• _WHAT THE TASK REQUIRES_: Copy exactly, no pictures: every line from the one that contains "Dekoratif Baskı illüstrasyon" through the end of the entries below.

• _Scraped caption text data_:
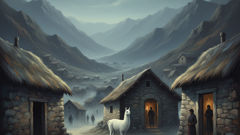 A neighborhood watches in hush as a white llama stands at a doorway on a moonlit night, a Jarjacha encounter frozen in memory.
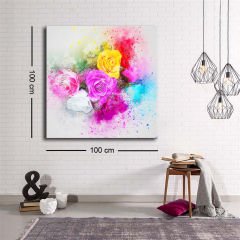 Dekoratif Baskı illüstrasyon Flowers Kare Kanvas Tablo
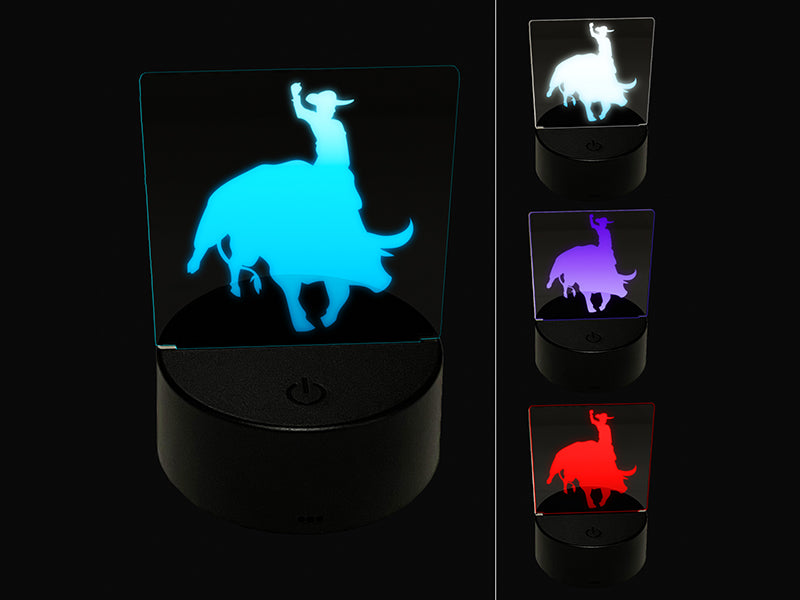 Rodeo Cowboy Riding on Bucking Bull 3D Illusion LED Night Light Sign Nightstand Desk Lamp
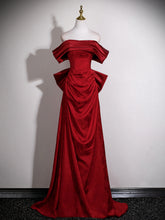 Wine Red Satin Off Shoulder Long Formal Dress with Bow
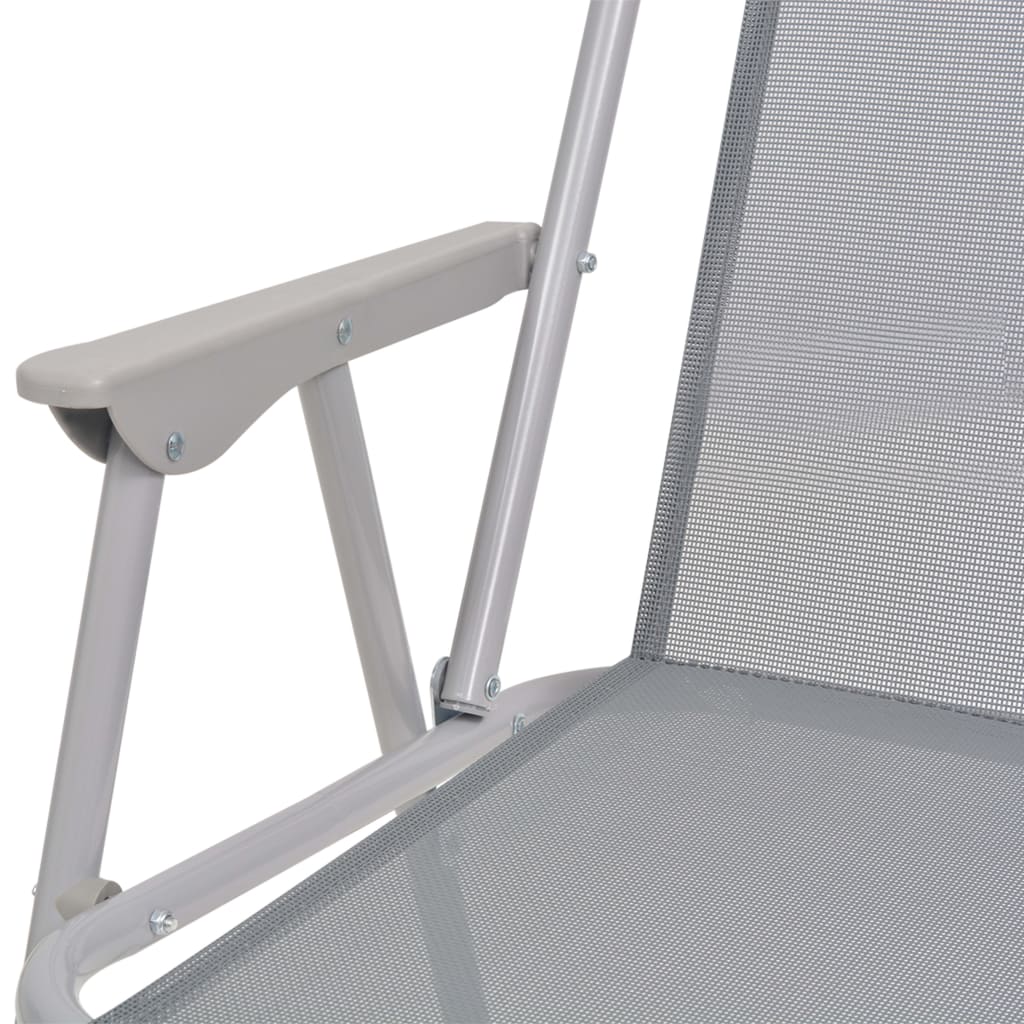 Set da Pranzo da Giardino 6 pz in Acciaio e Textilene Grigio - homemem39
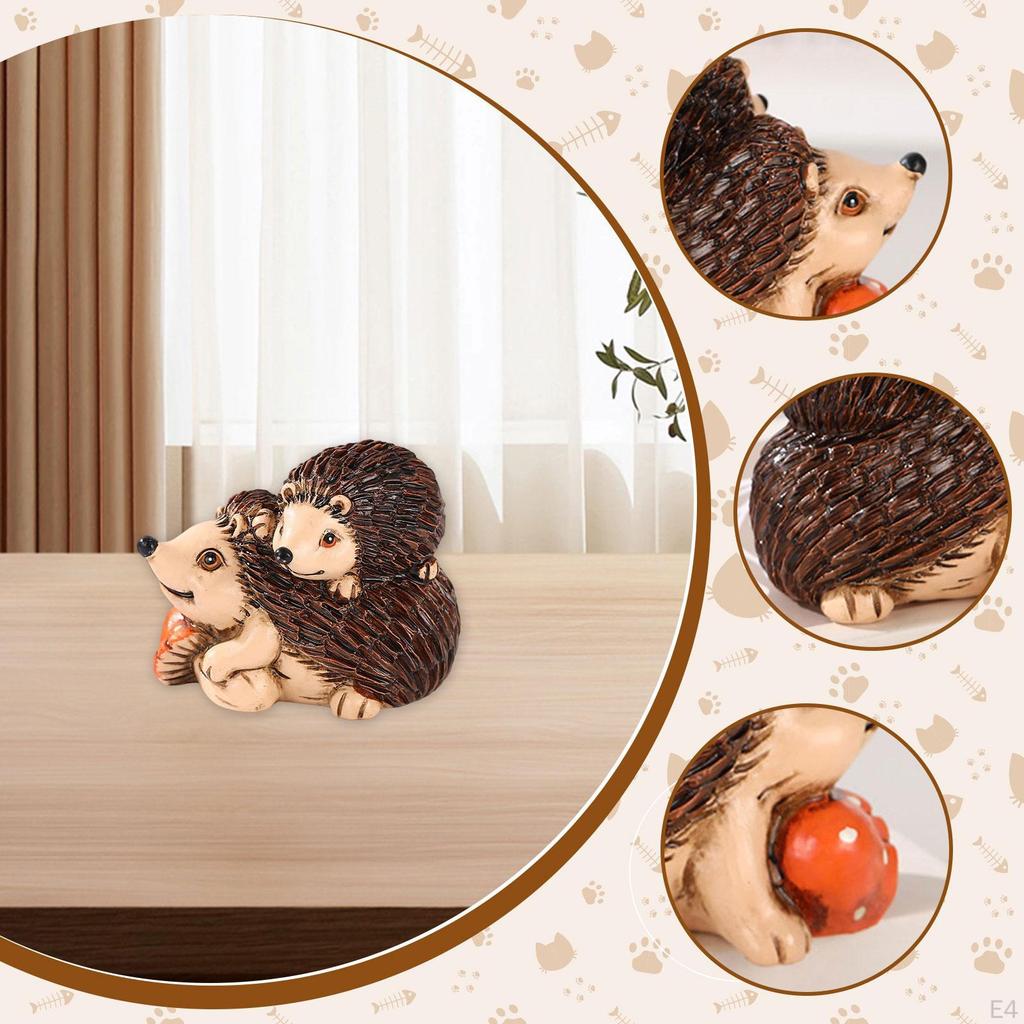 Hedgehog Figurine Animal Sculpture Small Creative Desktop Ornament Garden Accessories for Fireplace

• _SOLUTION FOR THIS EXERCISE_:
 Dekoratif Baskı illüstrasyon Flowers Kare Kanvas Tablo
 Rodeo Cowboy Riding on Bucking Bull 3D Illusion LED Night Light Sign Nightstand Desk Lamp
 Wine Red Satin Off Shoulder Long Formal Dress with Bow
 Set da Pranzo da Giardino 6 pz in Acciaio e Textilene Grigio - homemem39
 Hedgehog Figurine Animal Sculpture Small Creative Desktop Ornament Garden Accessories for Fireplace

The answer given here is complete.